"Homes for our Troops" builds new home for Texas veteran

Dozens crowded into VFW Post 6441 in Wimberly on Saturday. 

They were all there, to “pay it back” to an American hero. “It’s just an obligation I feel to the people I served with, and to the people who didn’t come home[...] a responsibility.” said veteran Gordon Dalton, tearing up. 

A responsibility to give Sgt. David Guzman, and his family, a warm welcome to their new home. 

Guzman and his family will move from Mission, Texas to a new home, built by “Homes for our Troops,” in Wimberly. Once completed the house, will be more accessible, for Guzman, the career veteran who joined the army in 1989. First, he joined the reserves and went active duty after 9/11.

On September 17, 2004, all that came to an abrupt halt. “I noticed a little white truck on the side of the road and made eye contact with the individual and I was on the passenger side looking down on him from my vehicle and made eye contact with him, and it’s that stare, where you know somethings gonna go wrong, a few seconds later the bomb went off,” recalled Guzman. Guzman's vehicle had been hit by an IED in Taji, Iraq. His injuries changed his life. 

“A piece went through my mouth, my right leg, I had a rod in my wrist and I couldn’t see, my, eyes were filled with dirt, couldn’t hear, I was in and out of consciousness,” he remembered. 

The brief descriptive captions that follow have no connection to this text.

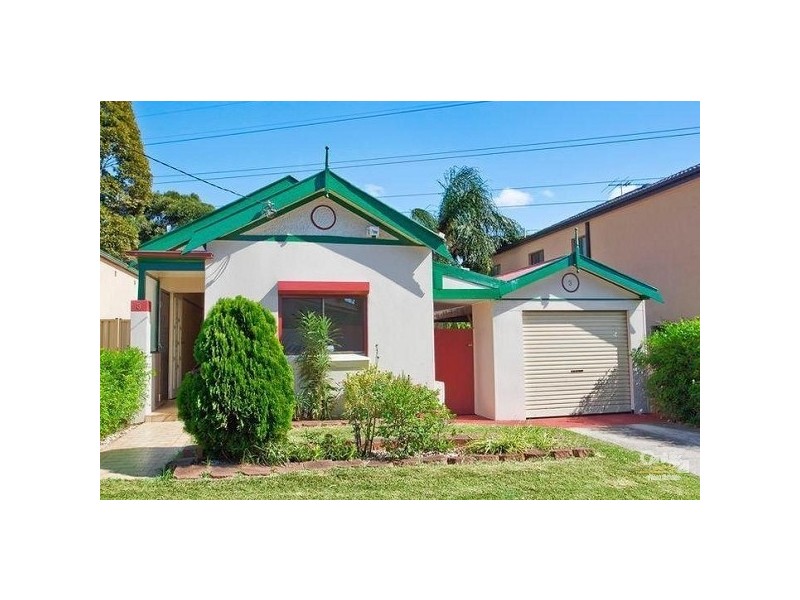 3 Woolcott Street, Earlwood NSW 2206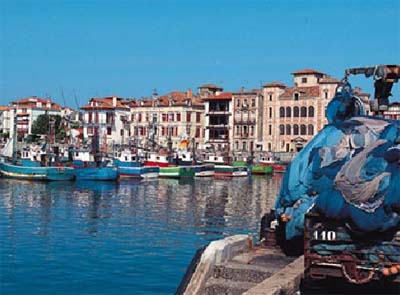 Tamaris Plage Aquitania - Saint-Jean-de-Luz visuel 8/10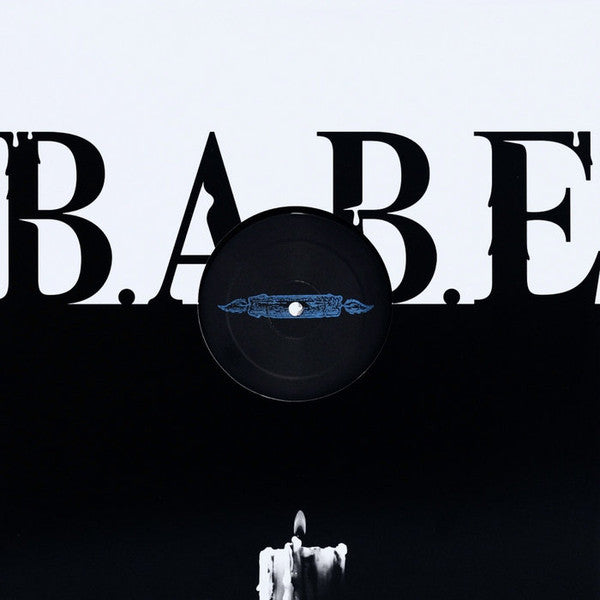 Distill (VINYL) |--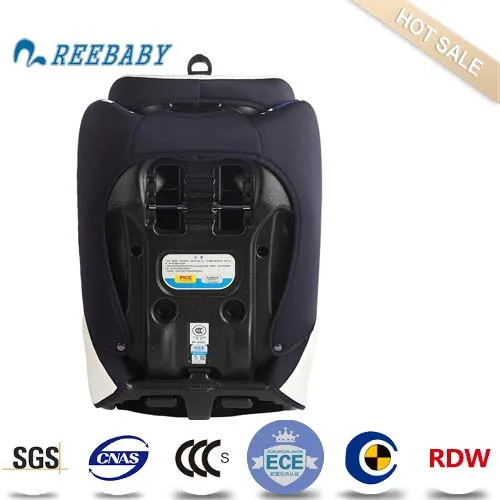 Недавно дизайн ребенок гонки детское автокресло graco ecer4404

At home, the battle continued, but his time it was for normalcy. 

“It’s not the same, you have to re-learn day, by day,” said Guzman's wife, Mirabelle. “[I] came home, still had all these injuries and didn’t know what I was gonna do and within a few months I started school,” Guzman said. 

He received degrees in culinary arts and agricultural science. “People are going oh he’s cooking a lot, people never knew why,” he said. “I didn’t have to deal with alcohol or pills or outbursts.”  Although he had found sanctuary in cooking he still didn’t have a home. 

“At the time my home was getting built that’s when I got blown up, and I didn’t think anything of it. When I got home a year later, the home was already built and we’re like, okay ‘what are we gonna do.’ The hallway was small, the doors were small, we had two tubs," Guzman mentioned.

The new home will offer more space for the veteran, “It’s been a long road, it’s been a long, lonely night, what am I here for? What am I doing?  You sit there and you ponder have I done enough, what have you done, I’ve been blessed, been very blessed. I figure they’ve blessed me so I can pass it on, so that’s my mission now,”  said Guzman.